- Gold price edges closer to three-and-a-half month lows.
- Core PCE came in at 1.3% annually in the third quarter, well below the Federal Reserve’s 2% target.
- The relationship between real interest rates and inflation holds the key to gold’s bull market.
The price of gold continued to weaken on Wednesday, as tame inflationary pressures undermined one of the biggest reasons to hold the precious metal: Inflation rising faster than real interest rates.
The precious metals market continued lower ahead of Thanksgiving holiday, as appetite for risk capped gold and silver.
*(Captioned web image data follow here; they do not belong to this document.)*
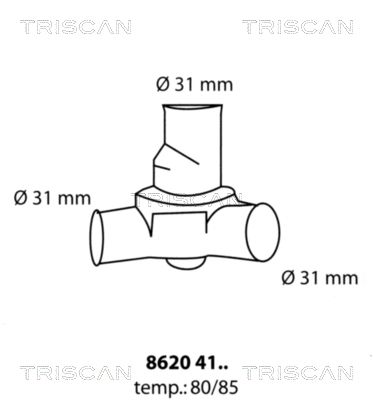 Термостат TRISCAN 86204180 - zapix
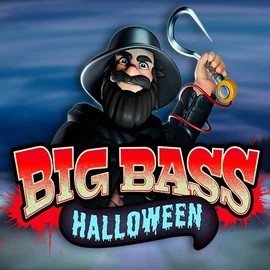Big Bass Halloween logo by Pragmatic Play at Flaksi CasinoBig Bass Halloween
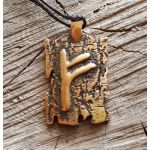 Підвіска Руна Феху бронза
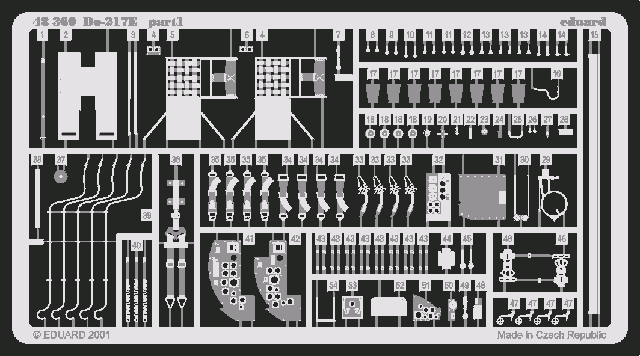Eduard 48360 Do 217E 1/48 (MONOGRAM, REVELL) – imagen 2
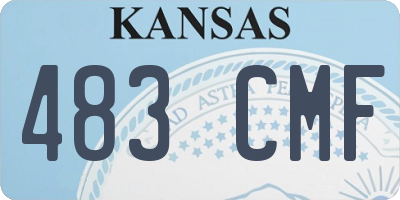 KS license plate 483CMF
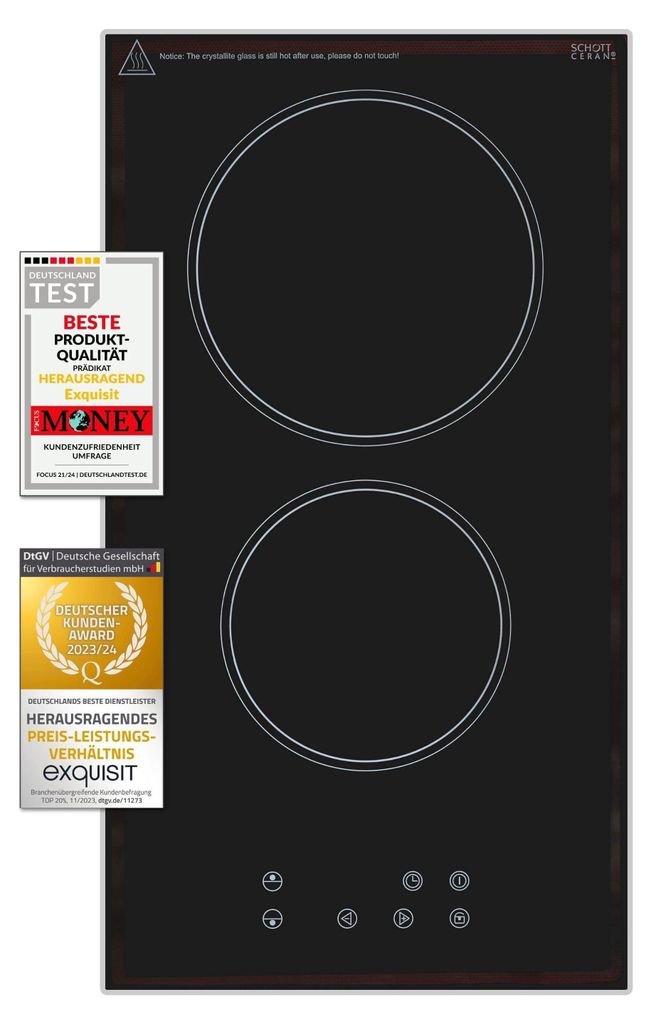 Exquisit Kochfeld EKC301-R-020 | Glaskeramik | Touch Produktbild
February gold futures declined 0.5% to $1,459.70 a troy ounce on the Comex division of the New York Mercantile Exchange. The yellow is targeting the November low of $1,453.70. A break below that level would send prices toward four-month lows.
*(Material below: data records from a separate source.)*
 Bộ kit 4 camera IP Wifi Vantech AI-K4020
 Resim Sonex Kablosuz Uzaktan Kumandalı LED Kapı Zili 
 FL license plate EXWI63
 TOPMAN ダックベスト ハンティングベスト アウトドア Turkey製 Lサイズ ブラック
Silver prices dumped 0.8% to $17.03 a troy ounce in New York trading. The grey metal was last seen hovering around $17.03 an ounce.
Gold’s premium over silver strengthened marginally on Wednesday, climbing 0.2% to 85.66 ounces.
Precious metals were also being pressured by a stronger U.S. dollar, which rose 0.2% against a basket of competitor currencies.
PCE Undershoots Fed Target
The U.S. economy grew faster than initially forecast in the third quarter, but underlying inflation continued to undershoot the Federal Reserve’s target – undermining one of gold’s biggest value drivers.
Gross domestic product (GDP), the value of all goods and services produced int he economy, grew at an annualized rate of 2.1% in the third quarter, the Commerce Department reported Wednesday in a revised estimate. Government economists had initially reported growth of 1.9%.